World Vision has not traditionally relied heavily on pure cash transactions, but Stirling adds that “we have certainly seen a big drop in cash donations”.
“People just don’t have cash in their pockets or purses like they used to. On the other hand, e-commerce and [tap-and-go devices] to donate have all risen as cash has decreased.”
World Vision has been trialling devices provided by technology company Quest for contactless payments through more than 100 corporate retail partners, as well as directly with the public. “We are treating this as a new revenue channel rather than a replacement for cash donations as it’s a slightly different giving behaviour,” Stirling says.
He believes digital and corporate opportunities abound for charities such as World Vision.
“Peer-to-peer experience platforms allow participants to promote their activity via their social networks, reaching and converting more supporters. Partnerships with corporate partners like Jetstar, where a World Vision donation is available at point of purchase, are exciting new opportunities for supporters and charities.”
Innovation the key when it comes to digital payment
With the cost of interchange fees and digital payments coming down, Mermelshtayn believes that cash won’t be king forever, even in developing markets. “Those are trends that are going to continue the demise of cash, but I think cash will be around for at least another 20 years.”
For businesses, though, he says the advantages of simpler payment reconciliation and integration with software such as Xero and MYOB will push them to adopt non-cash payments.
“Plus, if consumers are demanding alternative payments, the future for businesses that don’t adjust is not going to look bright.”
For those businesses or charities that are still reluctant to shift from cash to digital payments, Aranda points out that handling cash creates a lot of work. While not wanting to reject donors who like to give cash, she is determined to ensure that Cancer Council Australia is flexible and adaptive.
“Our focus is on staying on top of the changing patterns and being available to donors in whatever form they prefer.”

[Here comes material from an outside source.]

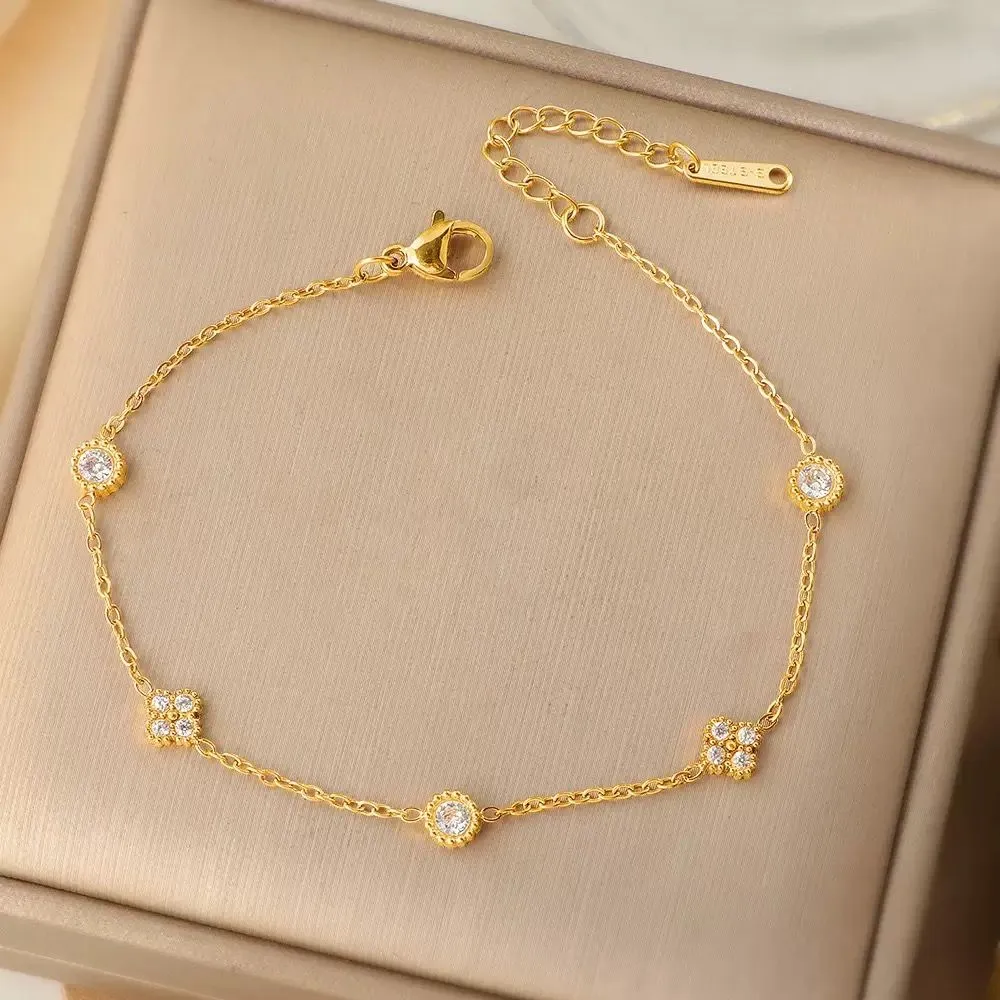 Vòng Tay và Lắc Tay: Khớp Nối Bền Chắc và Loại Khóa Phổ Biến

Is cash a black market boon?
Only one in five Australians still prefers using cash for purchases, according to the Australian Taxation Office (ATO).
On the whole, people prefer the ease of using a card, phone or even a smartwatch. Most businesses, as a result, are responding.
“Ninety per cent of businesses are already offering electronic payment services, and a similar amount report that their customers expect to be able to use digital payment,” says ATO assistant commissioner Peter Holt. “Businesses know what their customers want and what they want is the convenience and security of cashless transactions.”
While some see the cash economy as a boon for the black market, the ATO acknowledges that cash is legal tender and businesses have a right to transact in cash only if they choose.
“[However] our research reveals that most consumers find it inconvenient when paying cash is their only option, and that they’re twice as likely to associate ‘cash only’ as negative rather than positive,” Holt says.
A small number of businesses may be using cash only or cash discounts as a means to avoid paying tax, but others may have legitimate reasons as to why they choose to operate as cash only. Holt warns such operations, though, that it is easier to make mistakes with cash payments and that the ATO is determined to crack down on rogue businesses that are contributing to the black market.
“We are visiting businesses around Australia as part of our work to protect honest businesses from unfair competition by addressing black economy activities.”